Where’s the Nature of Science in the NGSS?
Posted: Tuesday, June 3rd, 2014
by Larry Flammer
The Next Generation Science Standards (NGSS, 2013) looks like the best thing that could happen to science education in this country. As long as teachers can be effectively prepared, and students are properly phased in (starting with elementary levels, then into middle schools and high schools), students should be far better prepared for high school and college level work.
However, when you carefully study the NGSS (2013), you will find that one critical topic in science is rarely seen there. Even the Framework (2012) devotes only two pages (78-9) to this topic. And that was because “Many of those who provided comments in an early draft thought that the ‘nature of science’ (NOS) needed to be made an explicit topic or idea. They noted that it would not emerge simply through engaging with practices.” (Framework 2012, p.334). By the way, those two pages in the Framework (2012, pp. 78-79) are rich with specific examples of the NOS. Every teacher should read them carefully.
We all recognize that students (and the general public) hold many misconceptions about the nature of science (NOS): its realm, its limits, how it really does what it does, and why it’s so successful in doing what it does. Those misconceptions color public (and student) understanding of many scientific concepts, not to mention public attitudes about politically sensitive issues that involve science, like climate change and evolution. In addition, “science” is widely misused in our society, leading to many pseudosciences that frequently mislead people. For our future society to function better than it currently does, students should be learning all of those elements of NOS, and recognizing all of those current misconceptions for what they are. They should also be learning the critical and skeptical thinking skills that scientists effectively use.
Current research clearly shows that those important NOS concepts are not learned very well unless they are taught explicitly. Assuming they will be absorbed automatically by doing inquiries and experiments has been shown not to work well. The Nature of Science must be taught as an important content topic in science (if not the most important topic). And it must be reinforced throughout every science course as it applies to the many other content topics being taught.
But the NGSS, perhaps reflecting its afterthought treatment in the Framework, relegates NOS to one of the several appendices (Appendix H). It says there that NOS elements have been added at the ends of selected Science and Engineering Practices and Crosscutting Concepts Foundation Boxes. But when they’re isolated in those places, it’s unlikely that most teachers will even see them, much less teach them explicitly!

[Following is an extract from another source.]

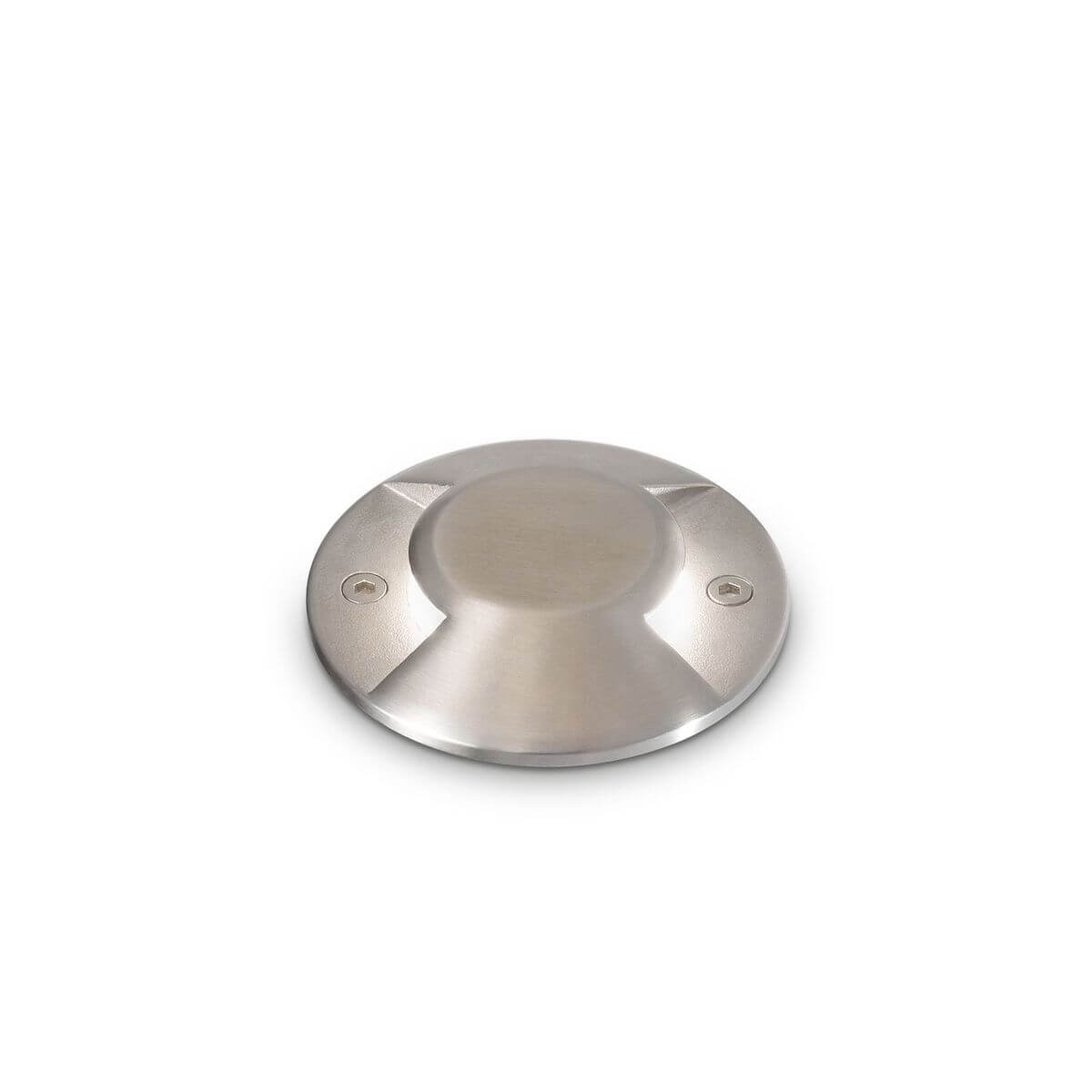 Luminaire encastré rond en acier inoxydable, vue de face sur fond blanc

Most of their focus is going to be on the “Performance Expectations” (in the “Assessable Components” white box atop each Core-Idea page).
The NGSS Appendix H says, “… students should develop an understanding of the enterprise of science as a whole—the wondering, investigating, questioning, data collecting and analyzing.” Included in this appendix is a 2-page matrix in which specific Learning Outcomes are listed in each of 8 Categories for each of 4 Grade Bands. For middle school, there is a total of 26 NOS Learning Outcomes (LOs). For high school, there are 32 LOs listed.
However, for the four middle school life science Core Idea pages, only 5 of those 26 LOs were posted. And for the four high school life science Core Ideas, only 7 of those 32 LOs were given. Again, these were placed at the bottoms of the Foundation Boxes, near the bottom of each Core Idea page. NOS is not likely to be seen as being very important.
The Framework (2012) did acknowledge the importance of the nature of science, saying, “… there is a strong consensus about characteristics of the scientific enterprise that should be understood by an educated citizen” (NGSS Appendix H, page 1). It also says (page 2) “… learning about the nature of science requires more than engaging in activities and conducting investigations.” A number of studies have shown that NOS must be explicitly taught and frequently reinforced.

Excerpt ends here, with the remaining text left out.